This case stands out from the crowd of withholding taxes seemingly summarily struck down by the ECJ recently. As a decision of the 4 th Chamber (with judges who were on the bench for Denkavit and Amurta) it would be unlikely that the Court had intended to change tack though.
Belgium is permitted to maintain a regime where an interest payment to a 48% parent company resident in Luxembourg is subject to withholding tax whereas no withholding tax would be levied had it been Belgian resident. The distinction from the previous withholding tax cases appears to be that Luxembourg gave credit for Belgian withholding tax against the liability to tax upon the interest receipt in Luxembourg. The system was not comparable to the taxation of interest payments to residents as some different system was required to reflect the fact that in the cross border context the right to tax had been split between the two states. There was also no cashflow difference as Belgium imposed advance corporation tax on the payment of interest to resident lenders.

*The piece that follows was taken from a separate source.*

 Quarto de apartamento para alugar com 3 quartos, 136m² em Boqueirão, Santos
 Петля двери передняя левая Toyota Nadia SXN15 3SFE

In the very simplest of cases, ignoring different tax rates, perhaps it might be said that there was no difference between provisions which imposed one level of corporation tax domestically while imposing the same aggregate charge cross border, just split between the two states concerned. However as soon as you introduce common commercial realities the differences become obvious. If the lender itself borrowed the funds from a third party, the net interest income would be reduced by the interest expense decreasing the domestic lender’s tax liability but the cross border lender would still incur withholding tax on the gross amount of interest. No further information is known of the circumstances of the case which may only have been presented to the court on the simplest example.